Pela primeira vez na história, a Jurisdição Especial para a Paz (JEP), tribunal criado depois do acordo de paz com a guerrilha das Forças Armadas Revolucionárias da Colômbia (Farc), em 2016, condenou à pena máxima 12 militares reformados pela execução e pelo desaparecimento de civis apresentados como guerrilheiros mortos em combate. Apesar de ser um acerto de contas com a Justiça colombiana e com o passado, a decisão da JEP foi recebida com reservas por familiares das vítimas.
"Nada neste mundo vai reparar o dano causado, mas o grande trabalho da JEP, ao conseguir demonstrar a prática sistemática, permitiu que os réus ficassem frente a frente e admitissem esses crimes. Desde 2016, sabíamos que a máxima condenação seria de 20 anos. No entanto, também sabíamos que, com suas influências, esses militares receberiam penas mínimas", desabafou ao Correio Jacqueline Castillo, presidente da organização não governamental Madres Falsos Positivos de Colombia (Mafapo) — "falsos positivos" é o termo dado pela sociedade colombiana ao envolvimento de militares nos assassinatos de civis.
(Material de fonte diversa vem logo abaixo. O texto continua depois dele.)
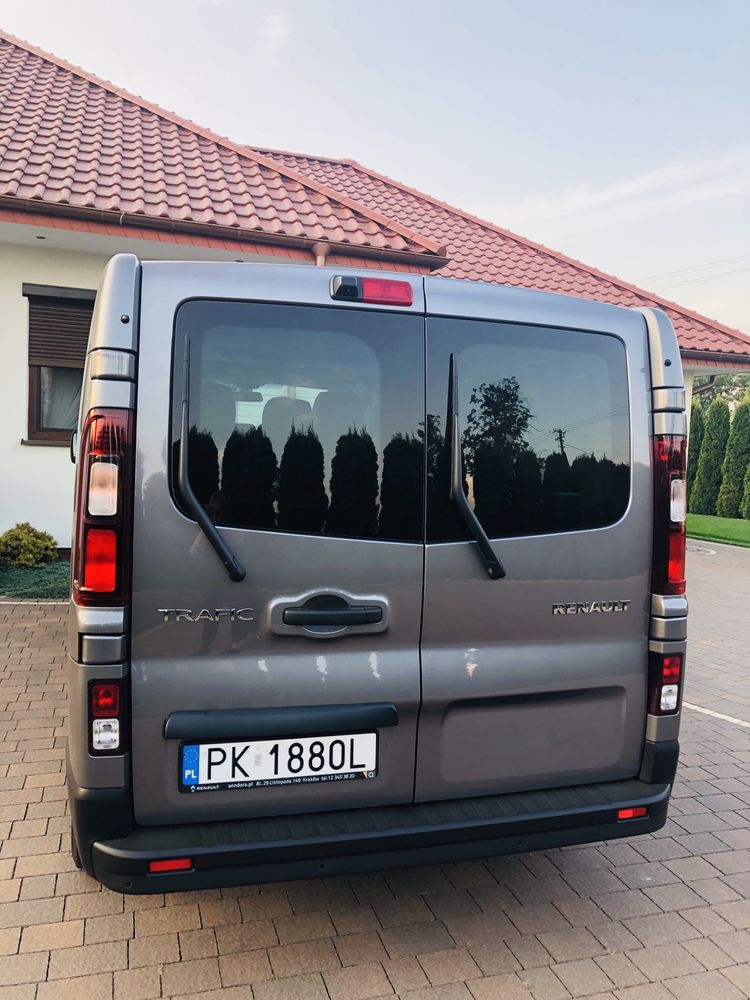 Bus 9 osobowy Renault Trafic Koło Turek Konin wypożyczalnia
Os 12 militares reformados, incluindo dois coronéis, terão que passar os próximos oito anos prestando serviços de reparação às famílias das vítimas. Durante o julgamento, eles confessaram envolvimento em 135 assassinatos e desaparecimentos forçados entre 2002 e 2005, na costa caribenha da Colômbia. No braço direito da colombiana María Doris Tejada Castañeda, 75 anos, uma tatuagem se destaca como um clamor por justiça e uma declaração de amor. Entre as nuvens, as palavras "Mi ángel" ("Meu anjo") sobre o desenho do rosto do filho. Óscar Alexander Morales desapareceu quando tinha 26 anos, em 31 de dezembro de 2007. Tornou-se um "falso positivo".
A mãe de Óscar critica a atuação da JEP. "Ela foi criada para amparar as vítimas, mas acabou por amparar os militares, porque eles praticamente nada pagarão pelos crimes. Não estamos muito contentes, pois os militares não foram obrigados a dizer a verdade. A única coisa com o que estou de acordo é porque a JEP apoiou-me para que a cova coletiva onde estava o corpo do meu filho recebesse proteção e fosse exposta à opinião pública", disse ao Correio. "Todos os corpos foram retirados do local. O cadáver do meu filho me foi entregue no ano passado, depois de 16 anos de buscas."
Na terça-feira, a mesma JEP sentenciou, também de forma inédita, líderes das Farc a trabalhos sociais e outras penas alternativas à prisão pelos sequestros de 21 mil pessoas na Colômbia. Sete ex-guerrilheiros, incluindo o comandante Rodrigo Londoño "Timochenko", receberam a pena máxima. Segundo a agência de notícias France-Presse (AFP), eles serão obrigados a realizar ações em prol da dignidade das vítimas e terão a mobilidade restringida.
Para Andrés Macías Tolosa, professor da Faculdade de Finanças, Governo e Relações Internacionais da Universidad Externado de Colombia, a diferença entre as penas anunciadas para o caso dos "falsos positivos" e dos sequestros pelas Farc mostra-se irônica. "Parece haver um desequilíbrio em matéria de sentença. A responsabilidade e os aportes à verdade são semelhantes, e creio que isso seja o mais valioso de todo o processo, mas as penas não são balanceadas", afirmou à reportagem. No entanto, Tolosa reconhece a primeira condenação das lideranças das Farc como um desdobramento "muito importante". "O processo demorou e sofreu alguns questionamentos, mas trata-se da primeira sentença sob o marco da justiça transicional assinado em 2016, que abriu caminho para o desarmamento do principal grupo guerrilheiro da Colômbia", avaliou.
Tolosa lembrou que, não se pode ignorar o fato de que a sentença foi proferida no âmbito da justiça transicional. "Por isso, não se pode esperar que tenha as mesmas implicações de uma sentença proferida no âmbito de um ordenamento jurídico regular. Pode parecer absurdo que, após tantos anos de sequestros, os membros da liderança não recebam uma punição exemplar, com todo o peso da lei. No entanto, o acordo firmado com eles estabeleceu essa sentença como a punição que poderiam receber, desde que concordassem em contar toda a verdade sobre o que aconteceu durante o conflito armado."